Task to complete ▸
For the string "into", count the lines in the records below that contain it. Answer with that number alone.

-- Dataset entries follows --

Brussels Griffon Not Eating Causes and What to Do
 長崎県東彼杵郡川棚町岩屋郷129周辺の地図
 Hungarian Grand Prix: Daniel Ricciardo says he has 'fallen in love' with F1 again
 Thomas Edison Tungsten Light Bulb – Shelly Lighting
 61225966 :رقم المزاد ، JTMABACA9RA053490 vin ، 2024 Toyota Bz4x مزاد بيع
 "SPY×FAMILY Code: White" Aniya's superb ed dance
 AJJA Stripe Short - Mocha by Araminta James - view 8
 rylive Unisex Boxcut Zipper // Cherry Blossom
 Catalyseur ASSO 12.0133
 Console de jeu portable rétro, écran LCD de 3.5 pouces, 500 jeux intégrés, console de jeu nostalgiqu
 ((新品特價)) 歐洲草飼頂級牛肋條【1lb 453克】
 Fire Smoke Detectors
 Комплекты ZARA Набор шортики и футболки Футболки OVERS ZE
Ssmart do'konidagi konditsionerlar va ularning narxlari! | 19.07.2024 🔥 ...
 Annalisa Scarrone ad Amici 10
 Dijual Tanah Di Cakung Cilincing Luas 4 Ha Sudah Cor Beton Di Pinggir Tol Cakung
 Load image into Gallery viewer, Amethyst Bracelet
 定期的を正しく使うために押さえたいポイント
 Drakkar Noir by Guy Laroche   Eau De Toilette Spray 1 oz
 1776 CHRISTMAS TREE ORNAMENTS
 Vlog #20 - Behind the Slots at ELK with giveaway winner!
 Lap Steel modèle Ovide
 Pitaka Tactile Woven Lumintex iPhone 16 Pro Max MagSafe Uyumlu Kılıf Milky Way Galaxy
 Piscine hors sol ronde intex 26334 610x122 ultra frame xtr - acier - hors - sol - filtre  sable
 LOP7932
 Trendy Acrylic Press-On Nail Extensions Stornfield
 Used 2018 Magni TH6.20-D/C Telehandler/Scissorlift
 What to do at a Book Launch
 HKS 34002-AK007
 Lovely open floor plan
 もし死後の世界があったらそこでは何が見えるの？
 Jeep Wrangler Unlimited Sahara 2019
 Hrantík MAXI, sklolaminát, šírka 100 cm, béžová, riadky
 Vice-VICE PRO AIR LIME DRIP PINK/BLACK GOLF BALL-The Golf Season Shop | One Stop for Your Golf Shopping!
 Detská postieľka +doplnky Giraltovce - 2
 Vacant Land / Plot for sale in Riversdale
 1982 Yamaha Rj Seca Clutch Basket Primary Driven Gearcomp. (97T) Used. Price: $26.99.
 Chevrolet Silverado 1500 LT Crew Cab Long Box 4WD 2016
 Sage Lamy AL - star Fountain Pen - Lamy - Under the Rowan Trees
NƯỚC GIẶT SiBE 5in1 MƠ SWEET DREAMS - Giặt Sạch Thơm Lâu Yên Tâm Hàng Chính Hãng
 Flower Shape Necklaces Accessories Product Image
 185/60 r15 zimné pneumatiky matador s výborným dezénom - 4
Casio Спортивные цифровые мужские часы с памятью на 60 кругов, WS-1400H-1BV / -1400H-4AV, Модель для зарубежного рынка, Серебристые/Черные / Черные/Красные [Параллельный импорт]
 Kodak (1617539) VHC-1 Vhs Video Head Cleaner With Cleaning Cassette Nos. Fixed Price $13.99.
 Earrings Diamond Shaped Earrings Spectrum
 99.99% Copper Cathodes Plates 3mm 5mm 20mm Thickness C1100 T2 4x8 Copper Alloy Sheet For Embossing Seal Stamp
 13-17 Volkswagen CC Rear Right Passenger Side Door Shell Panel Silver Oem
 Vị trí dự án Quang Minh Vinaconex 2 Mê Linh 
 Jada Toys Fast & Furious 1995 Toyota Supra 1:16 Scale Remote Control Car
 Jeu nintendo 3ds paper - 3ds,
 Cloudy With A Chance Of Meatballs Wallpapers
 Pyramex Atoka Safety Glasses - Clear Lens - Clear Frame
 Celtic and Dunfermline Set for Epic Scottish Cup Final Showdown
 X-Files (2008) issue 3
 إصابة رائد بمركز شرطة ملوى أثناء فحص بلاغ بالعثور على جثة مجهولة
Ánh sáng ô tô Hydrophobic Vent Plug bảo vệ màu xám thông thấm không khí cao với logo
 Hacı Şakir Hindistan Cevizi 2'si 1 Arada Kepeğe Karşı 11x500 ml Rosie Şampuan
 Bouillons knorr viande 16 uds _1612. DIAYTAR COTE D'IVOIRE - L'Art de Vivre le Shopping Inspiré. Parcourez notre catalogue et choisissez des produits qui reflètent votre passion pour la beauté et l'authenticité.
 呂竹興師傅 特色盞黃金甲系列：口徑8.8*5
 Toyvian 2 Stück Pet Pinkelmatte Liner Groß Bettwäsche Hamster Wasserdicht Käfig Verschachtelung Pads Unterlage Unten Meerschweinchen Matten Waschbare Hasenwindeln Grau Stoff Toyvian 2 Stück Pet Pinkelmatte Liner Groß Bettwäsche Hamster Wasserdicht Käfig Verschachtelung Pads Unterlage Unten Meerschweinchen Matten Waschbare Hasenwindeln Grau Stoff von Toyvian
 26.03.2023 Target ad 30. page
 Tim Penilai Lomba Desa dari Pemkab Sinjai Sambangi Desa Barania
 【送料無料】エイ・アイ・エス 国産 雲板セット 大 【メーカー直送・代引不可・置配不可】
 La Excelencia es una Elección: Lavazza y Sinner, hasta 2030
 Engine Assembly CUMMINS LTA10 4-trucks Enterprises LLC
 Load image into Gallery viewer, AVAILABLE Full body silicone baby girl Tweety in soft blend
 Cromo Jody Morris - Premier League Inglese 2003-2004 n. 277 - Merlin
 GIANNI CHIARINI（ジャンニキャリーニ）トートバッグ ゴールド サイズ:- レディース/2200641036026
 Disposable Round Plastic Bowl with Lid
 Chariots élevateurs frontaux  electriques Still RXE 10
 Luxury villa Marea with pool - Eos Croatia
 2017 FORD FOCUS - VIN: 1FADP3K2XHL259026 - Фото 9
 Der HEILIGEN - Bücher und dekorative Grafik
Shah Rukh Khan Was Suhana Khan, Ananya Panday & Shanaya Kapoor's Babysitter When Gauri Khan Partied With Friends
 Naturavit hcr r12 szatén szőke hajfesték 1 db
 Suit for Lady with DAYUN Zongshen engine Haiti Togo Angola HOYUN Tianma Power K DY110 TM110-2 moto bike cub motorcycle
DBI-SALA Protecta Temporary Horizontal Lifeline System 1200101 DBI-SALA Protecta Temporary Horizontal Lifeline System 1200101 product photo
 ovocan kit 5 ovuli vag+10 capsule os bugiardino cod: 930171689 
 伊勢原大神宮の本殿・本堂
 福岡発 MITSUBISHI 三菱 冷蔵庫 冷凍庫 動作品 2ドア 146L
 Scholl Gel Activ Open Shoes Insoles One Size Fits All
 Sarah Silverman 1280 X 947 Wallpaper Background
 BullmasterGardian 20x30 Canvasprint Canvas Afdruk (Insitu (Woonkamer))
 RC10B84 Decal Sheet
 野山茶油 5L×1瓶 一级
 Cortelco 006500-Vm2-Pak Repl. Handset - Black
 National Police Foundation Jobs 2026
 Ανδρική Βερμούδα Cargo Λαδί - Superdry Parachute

-- Dataset entries concluded --

Response box ▸
2